Scully discussed different techniques, like drilling holes in people’s heads (trephining), that ancient, and some current, people believed would help in the curing of mental illness.

“We looked at all kinds of crazy things to make people fit the norm,” said Scully. “And these old thoughts and old traditions are not gone. They still exist in some parts of the world.”

Doctors and caretakers then moved to the idea that the people needed to be taken care of and not just put away to manage for the rest of their lives. Most experimentation on cures were done in asylums, and there were no ethical code at the time.

“Everything from a slapping machine, where a patient was left to be slapped by leather straps until they were normal,” said Scully. “It was even the advent of electric shock.”

Discoveries were made, but the process was brutal and unethical. Humans were treated more like lab rats than actual human beings.

“Then we got one step further than trephining. We started drilling holes and cutting connections. Scrambling brains and seeing what happens,” Scully said.

At this point, the root of the problem was still not clear.

“You have to implicate the brain,” Scully said.

Neurotransmitters are responsible for signaling in the brain, each with their own role. After the discovery of neurotransmitters, the focus of mental illness became what can be fixed in the brain to help a patient.

“This is where we learned, maybe they are more linked than we thought,” said Scully. “It is not just one excites and one inhibits.”

All this research was happening decades at a time, so the research was slow and tedious.

The realization came to be that these were not all that separate. Trying to diagnose a problem and an illness was convoluted.

“The diagnostic criteria overlaps so heavily, and we don’t know why,” Scully said.

The brain consists of circuits, so it is regions of the brain and not just one pathway that causes a mental illness. At this point, medicine does not have drugs that target regions of the brain.

By accident, drugs were found that could treat certain things. The first discovery in the 1950s accidentally came out of the dye industry. At the time pharmacologists did not know how or why it worked, but they did not care because it was working.

“As science progressed, and we discovered receptors and enzymes and how the body works, we were able to come up with strategies to target the illness or disease,” said Scully. “We are trying to fix something we think is wrong.”

He continued the discussion talking about how in most cases a normal medication only works for one or two injuries or diseases. But when it comes to mental illness, one drug could have many uses, and not everyone is going to respond in the same way to the medication.

There are many manifestations of the same functions. Thinking that serotonin or dopamine is going to fix something is a false truth. It could be one of those in a certain brain region, but not necessarily just serotonin itself.

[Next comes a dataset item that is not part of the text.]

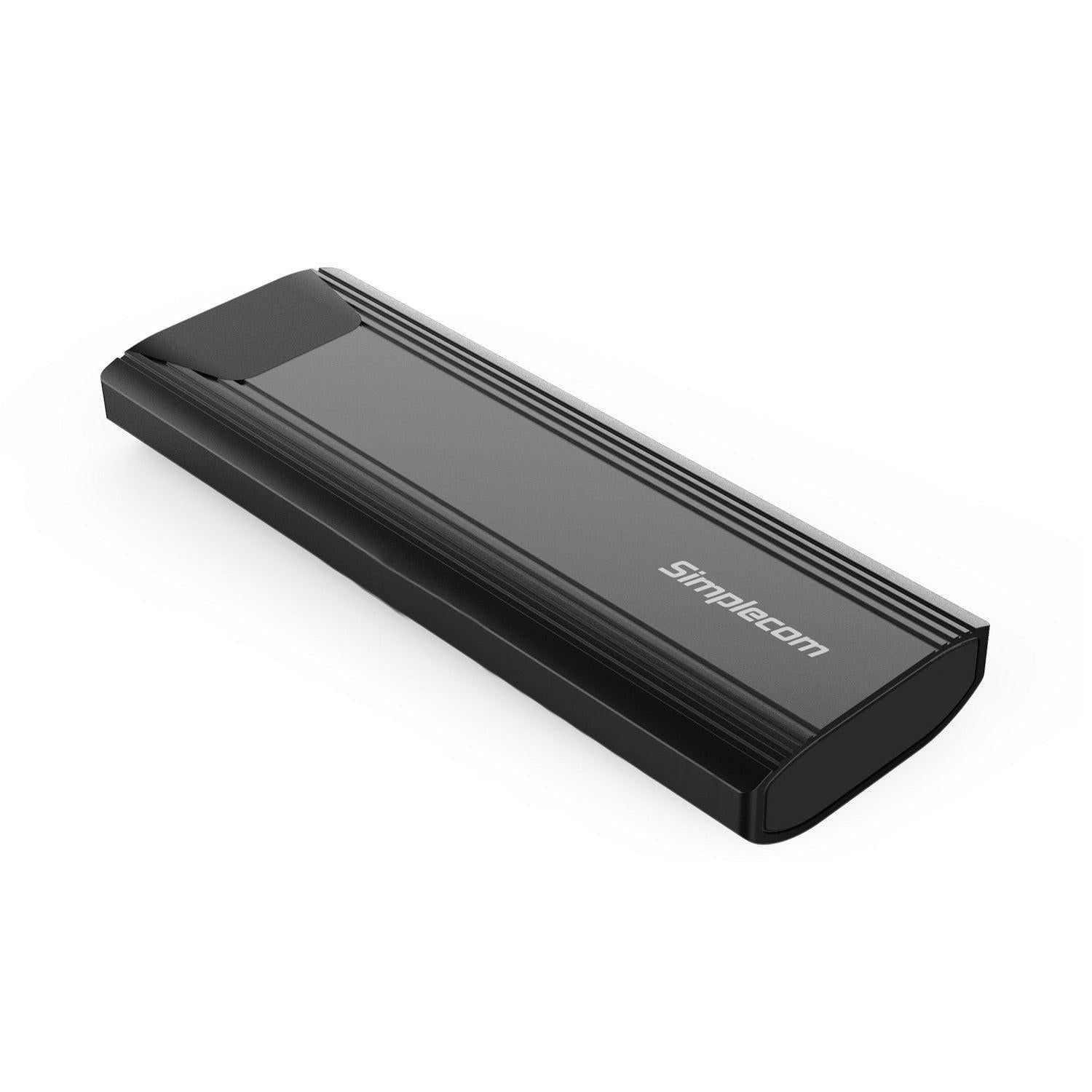 Simplecom SE504v2 NVMe / SATA Dual Protocol M.2 SSD USB-C Enclosure Tool-Free USB 3.2 Gen 2 10Gbps.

“We don’t know enough about pathophysiology to treat the disease. We are treating the symptoms. We are just putting a finger in the dam,” Scully said.

Psychiatric drugs can be tricky and also harmful. Scully quoted David Anderson, Ph.D., from his Ted Talk about how adverse effects of drugs can be like dumping oil on an engine instead of in the engine.

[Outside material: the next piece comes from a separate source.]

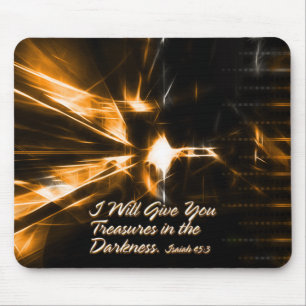 I Will Give You.. Mousepad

“Some will get where it needs to go and fix the engine, but the rest is just out there wreaking havoc,” said Scully. “We can not fix the problem without creating nine others.”

Scully discussed his research, in which he uses natural products in grapes.

“Nature is so much more creative than any lab scientist dreams of being in terms of chemical structure. It is an untapped resource that we need to tap,” he said.

After months of theoretically synthesizing molecules on a computer, and then recreating that in a lab, his research started showing success.

“My research has finally resulted in the filing of a patent with the patent office for novel anticonvulsant that I designed for my dissertation,” Scully said.

Lastly, he talked about where this subject needs to go into the future.

“We need to fill in the gaps and build that bridge so we can treat our patients effectively without causing adverse effects,” said Scully. “There needs to be a culture shift.”